Der Konzilspapst ‚Leo XIV.‘ sagt, die Unterstützung der Todesstrafe sei „nicht pro-life“, verteidigt aber die Auszeichnung des Abtreibungsbefürworters Durbin.
https://www.lifesitenews.com/news/pope-leo-says-support-for-death-penalty-is-not-pro-life-defends-awarding-pro-abortion-durbin/
Die Affäre um die Verleihung eines Awards an den Abtreibungsbefürworter Durbin
Prevost tadelte ‚Kardinal‘ Blase Cupich nicht dafür, dass er den Abtreibungsbefürworter und Senator Dick Durbin mit einem Preis für sein Lebenswerk ehren wollte.
Durbin, der behauptet, katholisch zu sein, ist bekannt für seine unerschütterliche Unterstützung des sogenannten Abtreibungsrechts. Dazu gehört auch seine Stimme gegen den Born-Alive Abortion Survivors Protection Act, der verhinderte, dass der Gesetzentwurf Anfang 2025 im Senat zur Abstimmung vorgelegt wurde.
Der Senator kann außerdem auf eine langjährige Erfahrung in der Förderung von LGBT-Anliegen zurückblicken, darunter auch seine Unterstützung der gleichgeschlechtlichen Ehe.
Während der Haushaltsverhandlungen im Juni 2025 äußerte sich Durbin lautstark gegen jeden Versuch, die Medicare-Zahlungen für sogenannte „geschlechtsbejahende Pflege“, einschließlich der Genitalverstümmelung Minderjähriger, zu streichen.
In einer Erklärung gegenüber dem Homo-Nachrichtensender Washington Blade sagte Durbin: „Anti-Trans-Extremisten versuchen, die gesamte Macht der Regierung zu nutzen, um Kindern zu schaden.“
Cupich meinte weiter, Durbin sei der Auszeichnung besonders würdig, weil er sich entschieden gegen die Bemühungen der Trump-Regierung zur Abschiebung illegaler Einwanderer wehre. (Quelle: Leo über das Leben: Ein wirklich unpassendes Kleidungsstück)

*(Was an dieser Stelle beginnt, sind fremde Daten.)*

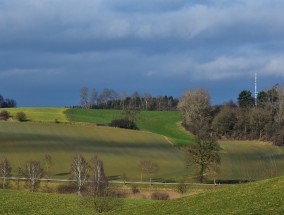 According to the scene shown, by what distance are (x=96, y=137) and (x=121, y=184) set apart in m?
46.0

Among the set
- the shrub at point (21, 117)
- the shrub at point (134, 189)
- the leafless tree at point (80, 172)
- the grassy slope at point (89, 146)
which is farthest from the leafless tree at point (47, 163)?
the shrub at point (21, 117)

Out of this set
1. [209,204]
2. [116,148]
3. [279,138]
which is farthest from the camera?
[279,138]

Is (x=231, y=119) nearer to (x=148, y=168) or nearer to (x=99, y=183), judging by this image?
(x=148, y=168)

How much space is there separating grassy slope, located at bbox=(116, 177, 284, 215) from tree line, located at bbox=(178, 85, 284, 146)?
343 ft

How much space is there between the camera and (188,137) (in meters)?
143

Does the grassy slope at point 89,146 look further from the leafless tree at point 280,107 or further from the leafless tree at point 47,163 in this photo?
the leafless tree at point 280,107

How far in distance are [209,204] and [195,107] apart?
5194 inches

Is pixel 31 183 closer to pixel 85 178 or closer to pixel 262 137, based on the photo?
pixel 85 178

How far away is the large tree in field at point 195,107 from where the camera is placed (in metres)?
156

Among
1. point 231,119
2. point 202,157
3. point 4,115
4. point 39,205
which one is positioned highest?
point 4,115

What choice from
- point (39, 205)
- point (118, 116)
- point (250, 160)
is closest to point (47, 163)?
point (39, 205)

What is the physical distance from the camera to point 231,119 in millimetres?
154875

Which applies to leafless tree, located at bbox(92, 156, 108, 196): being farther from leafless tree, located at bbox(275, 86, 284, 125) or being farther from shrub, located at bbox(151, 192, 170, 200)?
leafless tree, located at bbox(275, 86, 284, 125)

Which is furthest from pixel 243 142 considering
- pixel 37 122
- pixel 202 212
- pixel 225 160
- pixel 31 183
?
pixel 202 212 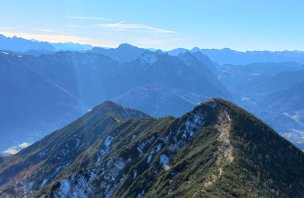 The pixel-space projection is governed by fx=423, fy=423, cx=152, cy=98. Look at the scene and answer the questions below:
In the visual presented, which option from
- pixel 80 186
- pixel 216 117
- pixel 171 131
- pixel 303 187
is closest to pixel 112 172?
pixel 80 186

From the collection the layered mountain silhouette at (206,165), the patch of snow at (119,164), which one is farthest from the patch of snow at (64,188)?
the patch of snow at (119,164)

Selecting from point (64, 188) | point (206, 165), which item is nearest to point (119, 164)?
point (64, 188)

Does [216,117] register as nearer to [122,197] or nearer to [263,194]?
[122,197]

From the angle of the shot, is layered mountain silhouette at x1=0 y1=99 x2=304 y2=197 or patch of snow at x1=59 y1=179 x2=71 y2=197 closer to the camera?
layered mountain silhouette at x1=0 y1=99 x2=304 y2=197

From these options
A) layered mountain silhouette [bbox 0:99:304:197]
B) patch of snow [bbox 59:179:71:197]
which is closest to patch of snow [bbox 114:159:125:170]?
layered mountain silhouette [bbox 0:99:304:197]

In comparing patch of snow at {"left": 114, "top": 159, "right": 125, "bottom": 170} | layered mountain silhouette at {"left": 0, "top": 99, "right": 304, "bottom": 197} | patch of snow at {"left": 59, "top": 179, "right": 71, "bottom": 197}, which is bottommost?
patch of snow at {"left": 59, "top": 179, "right": 71, "bottom": 197}

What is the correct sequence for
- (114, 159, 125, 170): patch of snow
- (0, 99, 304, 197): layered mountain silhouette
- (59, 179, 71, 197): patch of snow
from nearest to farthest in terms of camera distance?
1. (0, 99, 304, 197): layered mountain silhouette
2. (59, 179, 71, 197): patch of snow
3. (114, 159, 125, 170): patch of snow

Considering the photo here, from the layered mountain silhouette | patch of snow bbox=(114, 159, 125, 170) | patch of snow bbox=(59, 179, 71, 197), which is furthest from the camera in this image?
patch of snow bbox=(114, 159, 125, 170)

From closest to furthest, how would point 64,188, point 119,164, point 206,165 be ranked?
1. point 206,165
2. point 64,188
3. point 119,164

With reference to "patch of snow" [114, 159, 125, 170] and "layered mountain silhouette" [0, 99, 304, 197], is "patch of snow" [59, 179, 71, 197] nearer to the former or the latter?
"layered mountain silhouette" [0, 99, 304, 197]

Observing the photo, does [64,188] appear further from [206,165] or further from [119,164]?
[206,165]

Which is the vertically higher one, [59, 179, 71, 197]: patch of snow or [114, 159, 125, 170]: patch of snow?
[114, 159, 125, 170]: patch of snow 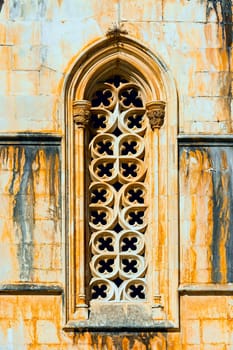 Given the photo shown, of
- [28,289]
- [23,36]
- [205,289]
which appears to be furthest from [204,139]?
[28,289]

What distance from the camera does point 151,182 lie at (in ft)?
67.8

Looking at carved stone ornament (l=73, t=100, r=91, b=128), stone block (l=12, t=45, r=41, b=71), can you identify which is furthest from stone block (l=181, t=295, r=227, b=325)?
stone block (l=12, t=45, r=41, b=71)

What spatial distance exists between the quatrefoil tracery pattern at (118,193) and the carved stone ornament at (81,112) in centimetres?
21

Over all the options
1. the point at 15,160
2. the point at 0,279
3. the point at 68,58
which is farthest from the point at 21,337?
the point at 68,58

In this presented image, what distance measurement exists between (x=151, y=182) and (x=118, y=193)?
0.43m

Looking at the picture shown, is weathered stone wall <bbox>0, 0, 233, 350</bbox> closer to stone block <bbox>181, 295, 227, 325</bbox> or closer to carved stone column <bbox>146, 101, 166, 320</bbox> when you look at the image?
stone block <bbox>181, 295, 227, 325</bbox>

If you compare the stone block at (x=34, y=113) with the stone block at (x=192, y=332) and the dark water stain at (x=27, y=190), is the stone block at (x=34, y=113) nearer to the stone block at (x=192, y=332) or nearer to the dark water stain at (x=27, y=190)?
the dark water stain at (x=27, y=190)

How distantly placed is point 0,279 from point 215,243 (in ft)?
8.62

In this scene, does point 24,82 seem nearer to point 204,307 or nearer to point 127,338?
point 127,338

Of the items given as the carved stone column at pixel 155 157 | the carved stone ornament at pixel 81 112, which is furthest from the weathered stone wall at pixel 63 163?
the carved stone column at pixel 155 157

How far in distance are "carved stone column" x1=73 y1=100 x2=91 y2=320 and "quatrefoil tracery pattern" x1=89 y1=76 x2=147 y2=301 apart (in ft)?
0.66

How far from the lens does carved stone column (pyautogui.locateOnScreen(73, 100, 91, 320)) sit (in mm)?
20359

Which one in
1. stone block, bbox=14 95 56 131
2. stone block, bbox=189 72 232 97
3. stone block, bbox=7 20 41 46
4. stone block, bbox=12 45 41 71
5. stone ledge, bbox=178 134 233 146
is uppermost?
stone block, bbox=7 20 41 46

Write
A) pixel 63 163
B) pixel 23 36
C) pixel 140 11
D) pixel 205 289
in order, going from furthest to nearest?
pixel 140 11
pixel 23 36
pixel 63 163
pixel 205 289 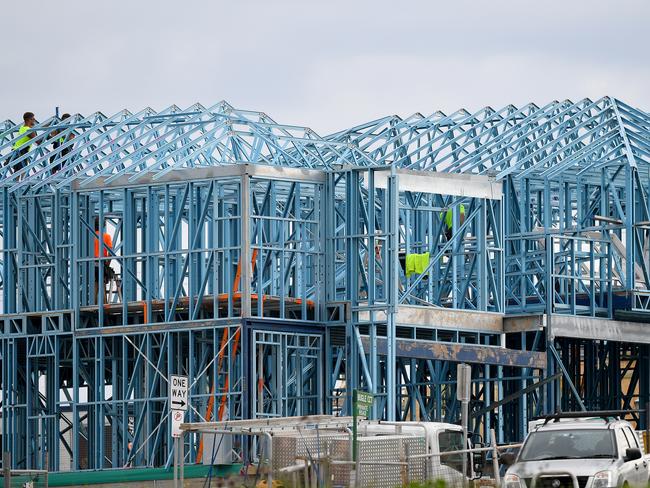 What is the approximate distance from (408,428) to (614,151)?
58.4ft

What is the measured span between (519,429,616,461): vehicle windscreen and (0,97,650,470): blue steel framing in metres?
11.8

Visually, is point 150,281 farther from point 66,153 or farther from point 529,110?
point 529,110

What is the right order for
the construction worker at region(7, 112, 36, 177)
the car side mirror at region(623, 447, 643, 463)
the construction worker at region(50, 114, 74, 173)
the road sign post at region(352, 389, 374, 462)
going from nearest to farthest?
1. the car side mirror at region(623, 447, 643, 463)
2. the road sign post at region(352, 389, 374, 462)
3. the construction worker at region(50, 114, 74, 173)
4. the construction worker at region(7, 112, 36, 177)

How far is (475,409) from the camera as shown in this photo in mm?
45719

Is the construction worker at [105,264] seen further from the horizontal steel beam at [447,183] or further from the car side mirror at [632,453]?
the car side mirror at [632,453]

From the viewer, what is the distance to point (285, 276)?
131 ft

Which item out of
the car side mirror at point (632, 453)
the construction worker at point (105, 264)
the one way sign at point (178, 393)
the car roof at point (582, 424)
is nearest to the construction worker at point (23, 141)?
the construction worker at point (105, 264)

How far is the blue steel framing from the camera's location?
39906mm

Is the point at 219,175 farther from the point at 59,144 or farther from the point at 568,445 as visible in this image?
the point at 568,445

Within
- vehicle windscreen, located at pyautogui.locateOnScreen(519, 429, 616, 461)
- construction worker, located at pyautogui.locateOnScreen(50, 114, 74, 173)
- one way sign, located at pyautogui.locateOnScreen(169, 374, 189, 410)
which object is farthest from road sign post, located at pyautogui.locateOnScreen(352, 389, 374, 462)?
construction worker, located at pyautogui.locateOnScreen(50, 114, 74, 173)

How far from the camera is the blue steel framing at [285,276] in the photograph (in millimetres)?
39906

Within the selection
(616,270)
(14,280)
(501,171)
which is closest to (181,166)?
(14,280)

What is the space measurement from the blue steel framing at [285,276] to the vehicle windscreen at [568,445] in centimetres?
1176

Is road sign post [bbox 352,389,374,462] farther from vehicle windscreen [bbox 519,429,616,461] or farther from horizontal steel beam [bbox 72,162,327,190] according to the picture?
horizontal steel beam [bbox 72,162,327,190] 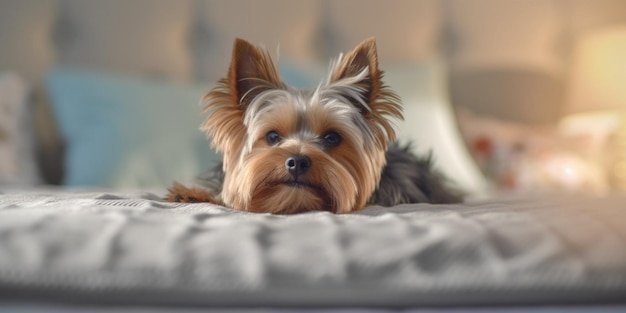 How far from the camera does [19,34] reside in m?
1.98

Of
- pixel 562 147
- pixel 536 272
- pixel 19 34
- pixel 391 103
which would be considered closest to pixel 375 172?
pixel 391 103

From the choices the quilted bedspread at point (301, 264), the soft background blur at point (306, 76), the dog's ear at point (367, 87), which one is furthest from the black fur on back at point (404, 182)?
the quilted bedspread at point (301, 264)

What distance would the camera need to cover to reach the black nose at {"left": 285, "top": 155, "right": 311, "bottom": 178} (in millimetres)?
1015

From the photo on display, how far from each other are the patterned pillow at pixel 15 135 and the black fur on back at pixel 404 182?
662mm

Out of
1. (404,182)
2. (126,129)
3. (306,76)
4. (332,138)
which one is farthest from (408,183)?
(126,129)

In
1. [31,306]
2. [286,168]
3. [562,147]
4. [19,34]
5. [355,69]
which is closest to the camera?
[31,306]

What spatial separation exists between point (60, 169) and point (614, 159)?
192 cm

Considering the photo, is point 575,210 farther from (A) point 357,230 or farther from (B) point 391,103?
(B) point 391,103

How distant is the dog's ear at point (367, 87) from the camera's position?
1.13 metres

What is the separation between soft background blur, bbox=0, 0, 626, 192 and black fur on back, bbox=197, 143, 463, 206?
0.35m

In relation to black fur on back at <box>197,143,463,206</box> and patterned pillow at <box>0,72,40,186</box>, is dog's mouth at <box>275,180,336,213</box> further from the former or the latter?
patterned pillow at <box>0,72,40,186</box>

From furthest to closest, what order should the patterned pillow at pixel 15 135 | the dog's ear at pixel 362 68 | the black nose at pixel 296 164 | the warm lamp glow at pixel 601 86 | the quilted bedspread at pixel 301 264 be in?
the warm lamp glow at pixel 601 86, the patterned pillow at pixel 15 135, the dog's ear at pixel 362 68, the black nose at pixel 296 164, the quilted bedspread at pixel 301 264

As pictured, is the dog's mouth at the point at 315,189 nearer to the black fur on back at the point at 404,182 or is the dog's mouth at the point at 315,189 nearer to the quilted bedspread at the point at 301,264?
the black fur on back at the point at 404,182

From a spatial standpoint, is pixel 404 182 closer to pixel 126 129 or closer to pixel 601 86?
pixel 126 129
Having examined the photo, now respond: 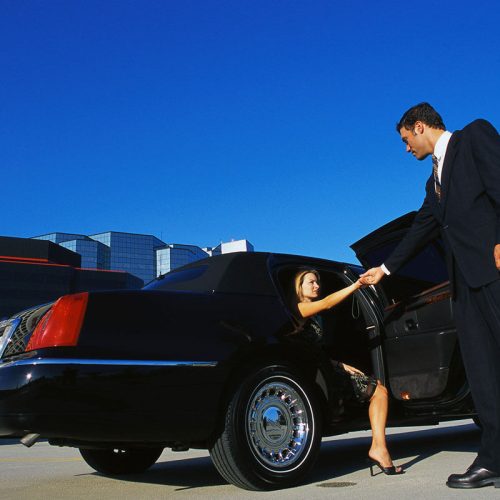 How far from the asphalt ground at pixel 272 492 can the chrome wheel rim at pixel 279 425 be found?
197 millimetres

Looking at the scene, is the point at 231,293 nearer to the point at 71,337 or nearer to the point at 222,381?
the point at 222,381

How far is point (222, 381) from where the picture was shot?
3736mm

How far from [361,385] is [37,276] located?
96750 mm

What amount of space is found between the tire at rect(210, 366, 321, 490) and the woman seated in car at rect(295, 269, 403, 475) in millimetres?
380

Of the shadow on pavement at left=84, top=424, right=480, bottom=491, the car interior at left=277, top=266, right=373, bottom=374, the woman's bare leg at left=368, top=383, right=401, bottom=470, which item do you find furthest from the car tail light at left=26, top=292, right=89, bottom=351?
the car interior at left=277, top=266, right=373, bottom=374

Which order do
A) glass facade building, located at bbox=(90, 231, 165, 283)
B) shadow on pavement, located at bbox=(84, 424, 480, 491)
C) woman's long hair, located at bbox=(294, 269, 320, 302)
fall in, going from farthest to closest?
glass facade building, located at bbox=(90, 231, 165, 283) → woman's long hair, located at bbox=(294, 269, 320, 302) → shadow on pavement, located at bbox=(84, 424, 480, 491)

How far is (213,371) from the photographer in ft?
12.2

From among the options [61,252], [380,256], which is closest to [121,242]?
[61,252]

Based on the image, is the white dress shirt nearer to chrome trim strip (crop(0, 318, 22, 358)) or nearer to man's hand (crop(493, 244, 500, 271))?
man's hand (crop(493, 244, 500, 271))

Robert Prevost/’Leo XIV.‘ verteidigte Cupich, obwohl er behauptete, dass er mit dem konkreten Fall um Senator Durbin nicht vertraut sei. „Ähm, ich denke, es ist sehr wichtig, sich die Gesamtarbeit anzusehen, die ein Senator während seiner, wenn ich mich nicht irre, vierzigjährigen Amtszeit im Senat der Vereinigten Staaten geleistet hat.“
Louie Verrecchio macht darauf aufmerksam, dass Leos unmittelbarer Hinweis auf Durbins „vierzigjährige Dienstzeit“ doch darauf hinzudeuten scheint, dass er mit der Kontroverse vertraut genug ist, um zu wissen, dass es sich um einen Lifetime Achievement Award handelt.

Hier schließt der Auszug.